In Dauphin County, Aero Corp. is receiving $300,000 for six DC fast chargers at Harrisburg International Airpoirt for Aero’s fleet of rental electric vehicles. The chargers will also be available to other car rental companies.
In Northampton County, Bethlehem Parking Authority has been awarded $15,000 for two electric cars for parking enforcement.
The state’s Highland Electric Fleets has been granted $75,000 for 10 electric vans and $225,000 for 20 DC fast chargers.

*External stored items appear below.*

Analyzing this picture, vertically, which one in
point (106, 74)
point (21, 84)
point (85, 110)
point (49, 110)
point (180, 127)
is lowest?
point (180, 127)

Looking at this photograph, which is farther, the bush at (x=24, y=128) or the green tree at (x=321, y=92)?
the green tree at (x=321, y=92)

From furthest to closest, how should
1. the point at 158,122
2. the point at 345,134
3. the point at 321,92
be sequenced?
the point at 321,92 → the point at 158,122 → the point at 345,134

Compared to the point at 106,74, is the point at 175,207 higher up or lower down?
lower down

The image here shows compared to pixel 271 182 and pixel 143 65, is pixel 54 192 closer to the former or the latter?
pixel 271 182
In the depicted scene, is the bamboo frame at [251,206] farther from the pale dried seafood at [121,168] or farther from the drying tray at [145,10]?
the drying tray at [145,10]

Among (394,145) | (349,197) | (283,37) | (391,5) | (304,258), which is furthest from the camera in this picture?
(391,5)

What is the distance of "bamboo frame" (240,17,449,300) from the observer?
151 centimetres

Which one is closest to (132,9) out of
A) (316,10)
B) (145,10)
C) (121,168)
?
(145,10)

In all, the Pennsylvania Department of Environmental Protection (DEP) awarded a total of $1.5 million in 2022 Alternative Fuels Incentive Grant (AFIG) funding to help the state’s businesses, municipalities, and schools switch to clean transportation and improve air quality.

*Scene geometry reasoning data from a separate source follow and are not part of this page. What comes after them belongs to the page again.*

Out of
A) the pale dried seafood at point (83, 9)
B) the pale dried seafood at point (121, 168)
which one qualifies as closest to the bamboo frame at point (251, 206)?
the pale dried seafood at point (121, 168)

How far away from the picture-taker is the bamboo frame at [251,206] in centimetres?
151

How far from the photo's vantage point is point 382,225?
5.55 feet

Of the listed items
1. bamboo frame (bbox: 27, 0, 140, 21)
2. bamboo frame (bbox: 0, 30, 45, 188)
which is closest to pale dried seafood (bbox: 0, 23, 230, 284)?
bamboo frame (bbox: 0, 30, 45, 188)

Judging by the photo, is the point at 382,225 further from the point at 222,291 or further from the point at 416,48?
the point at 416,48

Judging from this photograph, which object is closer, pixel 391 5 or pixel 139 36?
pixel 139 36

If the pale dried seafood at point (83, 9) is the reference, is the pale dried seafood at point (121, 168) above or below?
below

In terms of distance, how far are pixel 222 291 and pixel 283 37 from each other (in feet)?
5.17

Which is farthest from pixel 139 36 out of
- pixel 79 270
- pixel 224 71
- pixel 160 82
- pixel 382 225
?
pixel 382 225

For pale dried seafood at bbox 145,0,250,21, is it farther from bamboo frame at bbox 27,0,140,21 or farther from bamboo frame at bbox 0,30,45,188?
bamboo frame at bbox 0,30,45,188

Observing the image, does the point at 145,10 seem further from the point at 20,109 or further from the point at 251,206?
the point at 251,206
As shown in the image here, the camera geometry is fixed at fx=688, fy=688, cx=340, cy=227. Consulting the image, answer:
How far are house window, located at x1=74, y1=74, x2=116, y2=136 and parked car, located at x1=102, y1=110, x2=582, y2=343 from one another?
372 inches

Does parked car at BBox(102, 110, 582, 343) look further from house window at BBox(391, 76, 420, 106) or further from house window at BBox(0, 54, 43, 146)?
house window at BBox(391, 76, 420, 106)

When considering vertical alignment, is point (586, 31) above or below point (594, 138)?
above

DEP Acting Secretary Rich Negrin said in a statement that the Shapiro Administration is committed to growing Pennsylvania’s economy while protecting the state’s constitutional right to clean air and pure water.
“A growing number of organizations and businesses in Pennsylvania want to lower their transportation emissions,” said Negrin. “Today’s announcement demonstrates a shared commitment between the Pennsylvania Department of Environmental Protection and our local communities and businesses to improve air quality, address climate change, and increase the use of renewable energy across the Commonwealth.”

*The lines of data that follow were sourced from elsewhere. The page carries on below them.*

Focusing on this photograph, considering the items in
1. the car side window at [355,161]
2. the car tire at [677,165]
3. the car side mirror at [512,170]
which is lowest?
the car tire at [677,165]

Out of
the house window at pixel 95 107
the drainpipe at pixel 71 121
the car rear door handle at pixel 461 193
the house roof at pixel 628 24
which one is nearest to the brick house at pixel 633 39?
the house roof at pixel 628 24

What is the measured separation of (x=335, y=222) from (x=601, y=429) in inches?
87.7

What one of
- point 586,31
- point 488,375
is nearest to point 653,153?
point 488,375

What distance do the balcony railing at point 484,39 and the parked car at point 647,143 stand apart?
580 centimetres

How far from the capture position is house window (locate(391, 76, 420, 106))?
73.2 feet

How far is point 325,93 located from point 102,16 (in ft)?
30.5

The AFIG program aids businesses, municipalities, and nonprofit organizations in the use of clean transportation to replace older gasoline or diesel fueled vehicles. Recipients of this grant will replace 88 old gas or diesel vehicles with 78 electric and 10 renewable natural gas vehicles and install 36 chargers for electric vehicles.
Gasoline and diesel vehicles currently generate 47% of nitrogen oxides emissions in Pennsylvania, contributing to ground-level ozone that affects the health of children, older people, people who work or are active outdoors, and people with asthma, emphysema, or other lung conditions.
In all, the transportation sector comprises 22% of Pennsylvania’s greenhouse gas emissions.
Putting additional zero- and low-emission vehicles on Pennsylvania roads is aimed at reducing harmful air pollutants and lowering the level of carbon dioxide, one of the greenhouse gases heating the climate.